Lower-than-expected growth of the Philippine economy in the first quarter of 2017, at 6.4 percent from quarter-ago’s 6.6 percent, made Standard Chartered Bank cut its full year forecast for the country but expects better output in the second half of the year.
In a briefing Tuesday, Standard Chartered ASEAN Economic Research head Edward Lee cited the bank’s report entitled “Global Focus – Q3-2-17 Swans, bulls and bears,” wherein the British multinational banking and finance institution projected domestic growth to be at 6.5 percent from 6.8 percent previously.
The report said weak investment growth is the reason for the adjustment in the growth forecasts.
It, however, expects growth to post better output in the second half of the year on better investment performance.
Lee attributed the weak contribution of investments on growth from January to March this year to “mark-to-market issue” as volatilities in the global financial markets, in line with the development in the US, Europe and China, affected investors’ risk appetite.
He, on the other hand, said consumer spending, which is among the major domestic growth drivers, remained “relatively stable.”
“So I’m looking at much gains is in investments (for the second half),” he said.
Amid the cut on the bank’s 2017 growth projection for the country, the report expects the Philippines to be among the robust economy in the Association of Southeast Asian Nations (ASEAN) this year.
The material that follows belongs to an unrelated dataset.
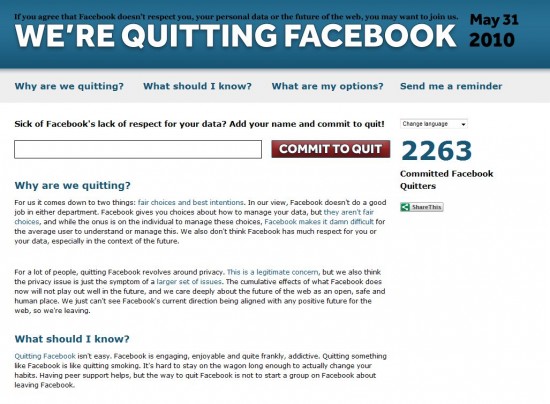 we're quitting facebook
“Robust domestic demand and steady services-sector growth should continue to provide support,” it said.
Inflation is seen to have reached its peak this year when it hit 3.4 percent last March and April.
In the first half of the year, rate of price increases averaged at 3.1 percent, slightly above the mid-point of the government’s two to four percent target for 2017 until 2020.
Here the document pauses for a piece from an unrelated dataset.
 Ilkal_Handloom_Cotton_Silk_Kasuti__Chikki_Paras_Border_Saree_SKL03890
Last June alone, inflation further slowed to 2.8 percent from month-ago’s 3.1 percent.
This deceleration made Lee discount any change in the Bangko Sentral policy rates this year.
To date, the BSP’s overnight borrowing or reverse repurchase rate is three percent, the overnight lending or repurchase rate is 3.5 percent and the rate of the special deposit account facility is 2.5 percent.
These three represent the central bank’s interest rate corridor, with the SDA as the floor rate, the RRP as the key rate and the RP as the ceiling rate.
Lee said possible developments that might impact on their BSP rate forecast is improvement of global economic outlook and uptick in the inflation rate.
He expects inflation to average at three percent in the second half of the year.